- Old Dauphin Way Historic District
- U.S. National Register of Historic Places
- U.S. Historic district
- Location: Roughly bounded by Springhill Ave., Broad, Government, and Houston Sts., Mobile, Alabama
- Coordinates: 30°41′14.24″N 88°4′7.10″W﻿ / ﻿30.6872889°N 88.0686389°W
- Area: 766 acres (310 ha)
- Built: 1830
- Architect: 19th and 20th century revivals, Late Victorian
- Architectural style: Late 19th And 20th Century Revivals, Late Victorian, Bungalow-Craftsman
- NRHP reference No.: 84000686 (original) 100007800 (increase)

Significant dates
- Added to NRHP: August 30, 1984
- Boundary increase: June 17, 2022

= Old Dauphin Way Historic District =

Historic district in Alabama, United States

The Old Dauphin Way Historic District is a historic district in the city of Mobile, Alabama, United States. It was named for Dauphin Way, now known as Dauphin Street, which bisects the center of the district from east to west. The district is roughly bounded by Broad Street on the east, Springhill Avenue on the north, Government Street on the south, and Houston Avenue on the west. Covering 766 acre and containing 1466 contributing buildings, Old Dauphin Way is the largest historic district in Mobile.

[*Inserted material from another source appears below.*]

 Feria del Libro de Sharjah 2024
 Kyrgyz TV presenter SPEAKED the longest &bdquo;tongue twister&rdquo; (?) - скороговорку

Although most of the district contains working-class frame houses, large and ornate mansions are found along the main thoroughfares. The contributing buildings range in age from the mid-19th to the early 20th century. Architectural styles include Greek Revival, Gothic Revival, Italianate, Queen Anne, Colonial Revival, Tudor Revival, and American Foursquare.

==History==
The Old Dauphin Way District is situated on portions of what was once the Price and Espejo tracts, early Spanish land grants to the west of colonial Mobile. The area began to first be developed during the 1830s and 1840s. This early development mostly comprised residential estates along the roads leading from downtown to the village of Spring Hill. These included Spring Hill Road (now Spring Hill Avenue), Spring Hill Shell Road (now Old Shell Road), and Dauphin Way (now Dauphin Street). The district was placed on the National Register of Historic Places on August 30, 1984.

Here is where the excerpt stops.